Krisis bisa mengubah demokrasi menuju otokrasi
Perubahan paling tajam menuju otokrasi sering kali bertepatan dengan pemilihan pemimpin yang tidak berpandangan liberal seperti Bolsonaro di Brasil, Andrzej Duda di Polandia, Viktor Orban di Hungaria, Recep Tayyip Erdogan di Turki, dan Narendra Modi di India.

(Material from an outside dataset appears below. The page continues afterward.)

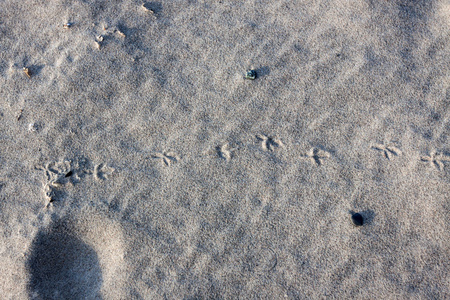 沙地上的鸟的痕迹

Para pemimpin ini lalu berusaha menghancurkan lawan-lawan atau pesaing politiknya.
"Agar para pemimpin ini bisa berkuasa, mereka memerlukan elemen lain, seperti krisis partai tradisional," kata Fernando Bizzarro, peneliti Brasil di Universitas Harvard. "Polarisasi menciptakan perasaan bahwa ketika Anda sangat membenci lawan Anda, apa pun akan dilakukan untuk menyingkirkan mereka, termasuk dengan menghancurkan demokrasi."
V-Dem telah mencatat 81 periode kemerosotan demokrasi di berbagai negara sejak tahun 1900, 50 di antaranya terjadi sejak tahun 2000. Pada sekitar 75% kasus, situasi krisis yang mengakibatkan transisi penuh menuju otokrasi.
"Aktor yang mempromosikan otokratisasi biasanya adalah kepala pemerintahan dan mereka memiliki mayoritas parlemen yang besar," kata Sebastian Hellmeier, salah satu peneliti yang meneliti episode dan proses kemunduran demokrasi. "Pada akhirnya, itu adalah semacam kematian (demokrasi) dengan sejuta luka, dengan banyak perubahan kecil yang sulit dihentikan, sampai akhirnya semua terlambat," tambahnya.